Provided material:
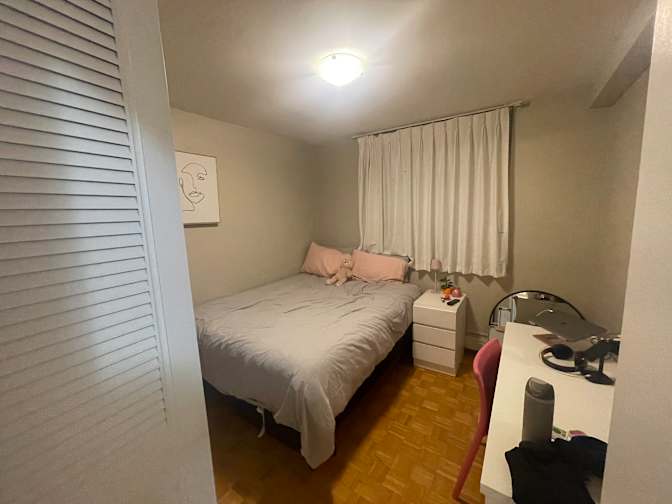 Photo of Izzy's room
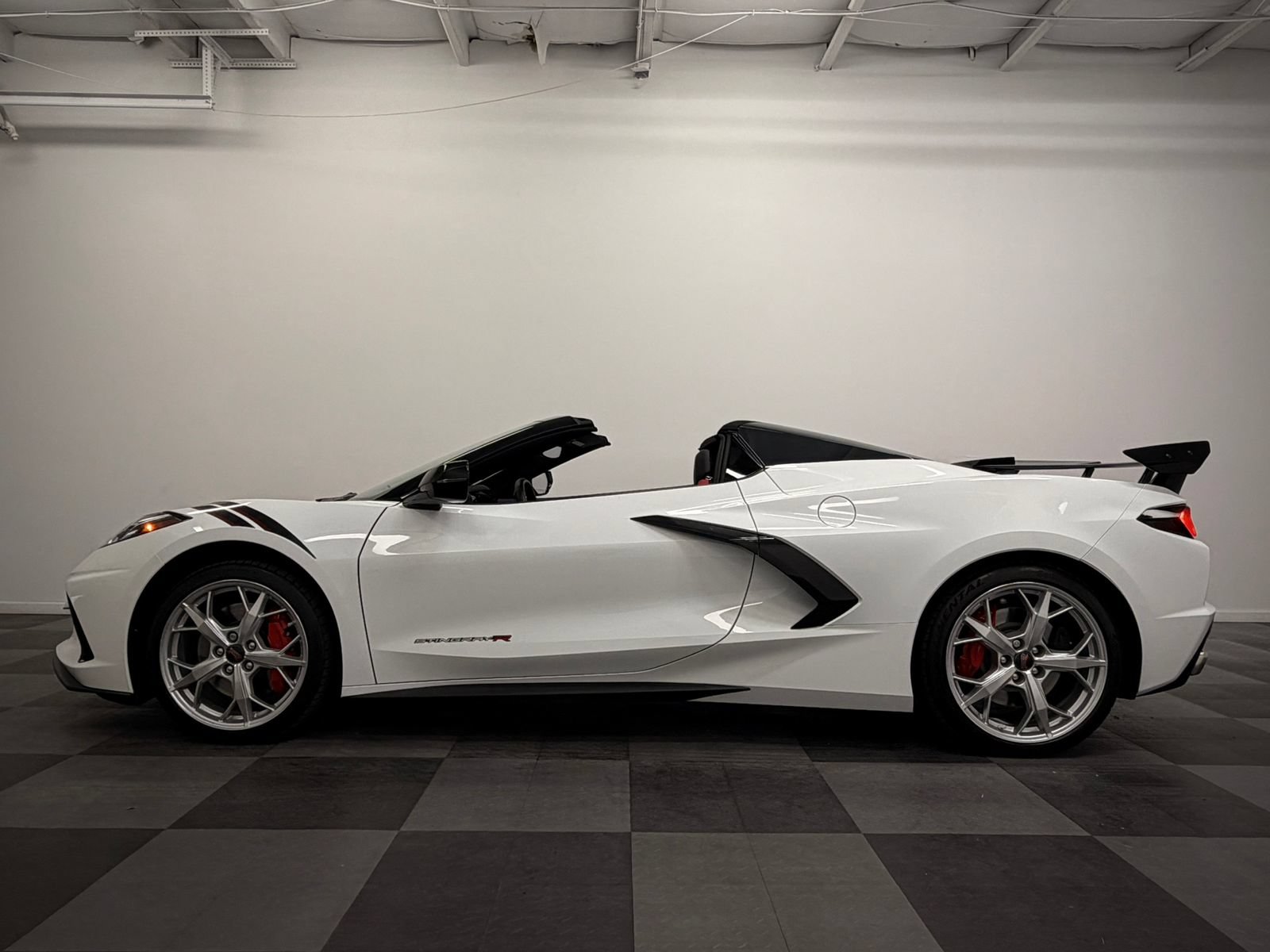 Used 2022 Chevrolet Corvette Stingray Preferred Conv w/ Z51 Performance Package RWD image 10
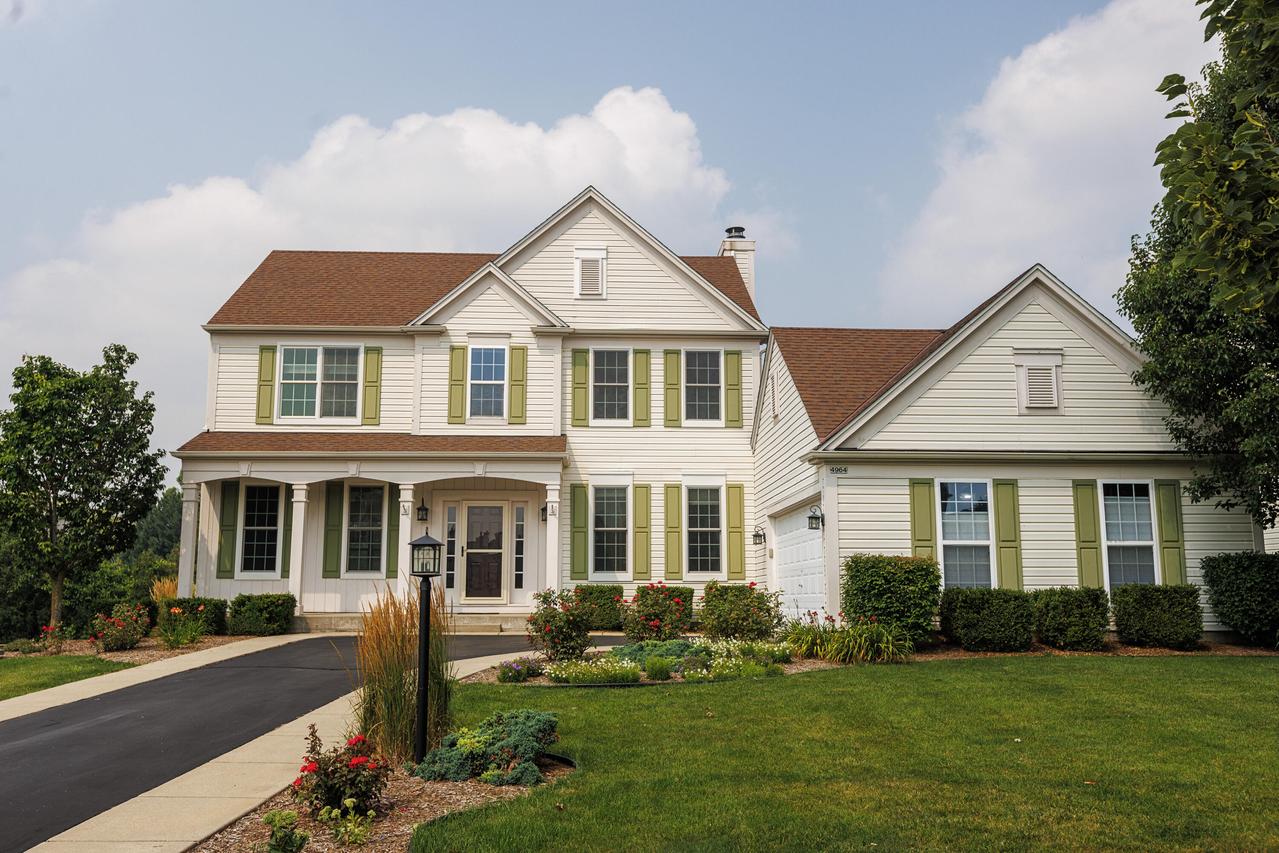 4964 W Forest Hill, Franklin, WI 53132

Brief: A faithful copy of all the data above, without its pictures, is the expected result.

Answer to this task:
 Photo of Izzy's room
 Used 2022 Chevrolet Corvette Stingray Preferred Conv w/ Z51 Performance Package RWD image 10
 4964 W Forest Hill, Franklin, WI 53132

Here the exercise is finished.